-- Available records follows --

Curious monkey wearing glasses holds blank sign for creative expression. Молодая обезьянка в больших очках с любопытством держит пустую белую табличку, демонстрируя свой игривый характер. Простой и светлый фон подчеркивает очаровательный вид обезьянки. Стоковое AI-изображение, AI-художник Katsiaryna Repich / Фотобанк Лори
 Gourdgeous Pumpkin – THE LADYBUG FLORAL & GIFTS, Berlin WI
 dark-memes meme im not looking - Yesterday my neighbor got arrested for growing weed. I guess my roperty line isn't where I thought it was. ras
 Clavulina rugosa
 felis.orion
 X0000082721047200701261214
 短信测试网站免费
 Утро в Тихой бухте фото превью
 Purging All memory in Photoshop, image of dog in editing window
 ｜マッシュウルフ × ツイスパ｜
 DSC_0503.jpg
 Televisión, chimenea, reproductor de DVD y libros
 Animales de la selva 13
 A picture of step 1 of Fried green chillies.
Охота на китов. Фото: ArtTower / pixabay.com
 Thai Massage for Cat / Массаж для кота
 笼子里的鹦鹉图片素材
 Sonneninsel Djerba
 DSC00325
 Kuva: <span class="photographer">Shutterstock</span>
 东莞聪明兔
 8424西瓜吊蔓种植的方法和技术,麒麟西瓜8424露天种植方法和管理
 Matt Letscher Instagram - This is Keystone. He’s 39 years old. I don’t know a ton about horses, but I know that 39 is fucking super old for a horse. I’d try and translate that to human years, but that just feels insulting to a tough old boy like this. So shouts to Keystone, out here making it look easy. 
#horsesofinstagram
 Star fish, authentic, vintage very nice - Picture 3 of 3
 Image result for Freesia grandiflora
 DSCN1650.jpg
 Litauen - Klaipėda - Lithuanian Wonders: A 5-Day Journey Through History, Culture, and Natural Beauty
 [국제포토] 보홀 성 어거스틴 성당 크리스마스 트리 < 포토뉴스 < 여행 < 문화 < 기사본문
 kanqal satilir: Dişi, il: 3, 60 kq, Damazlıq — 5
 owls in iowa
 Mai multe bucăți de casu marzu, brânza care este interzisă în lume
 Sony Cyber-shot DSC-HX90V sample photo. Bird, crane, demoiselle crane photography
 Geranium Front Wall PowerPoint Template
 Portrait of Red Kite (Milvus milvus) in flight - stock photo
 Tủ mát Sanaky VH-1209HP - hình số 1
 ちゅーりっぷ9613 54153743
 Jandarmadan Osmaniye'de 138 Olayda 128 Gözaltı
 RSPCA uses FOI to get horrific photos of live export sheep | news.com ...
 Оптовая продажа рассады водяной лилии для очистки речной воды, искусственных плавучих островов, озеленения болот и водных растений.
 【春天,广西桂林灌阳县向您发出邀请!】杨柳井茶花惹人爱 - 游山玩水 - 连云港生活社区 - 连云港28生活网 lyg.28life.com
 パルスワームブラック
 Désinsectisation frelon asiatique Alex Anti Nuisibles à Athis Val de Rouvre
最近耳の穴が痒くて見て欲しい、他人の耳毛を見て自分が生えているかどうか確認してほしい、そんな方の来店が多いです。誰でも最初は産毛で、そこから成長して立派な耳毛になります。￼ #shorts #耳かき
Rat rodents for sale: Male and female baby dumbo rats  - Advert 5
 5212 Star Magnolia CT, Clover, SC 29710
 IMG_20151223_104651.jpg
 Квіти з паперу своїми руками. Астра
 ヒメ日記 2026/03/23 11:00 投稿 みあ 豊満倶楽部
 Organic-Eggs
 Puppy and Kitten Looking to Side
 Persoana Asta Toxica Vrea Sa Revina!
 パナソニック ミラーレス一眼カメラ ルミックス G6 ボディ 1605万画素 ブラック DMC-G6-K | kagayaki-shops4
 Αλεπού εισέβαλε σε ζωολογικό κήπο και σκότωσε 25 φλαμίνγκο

-- Available records concluded --

Identify every line above with the string "Star" in it. Copy those lines.

 Star fish, authentic, vintage very nice - Picture 3 of 3
 5212 Star Magnolia CT, Clover, SC 29710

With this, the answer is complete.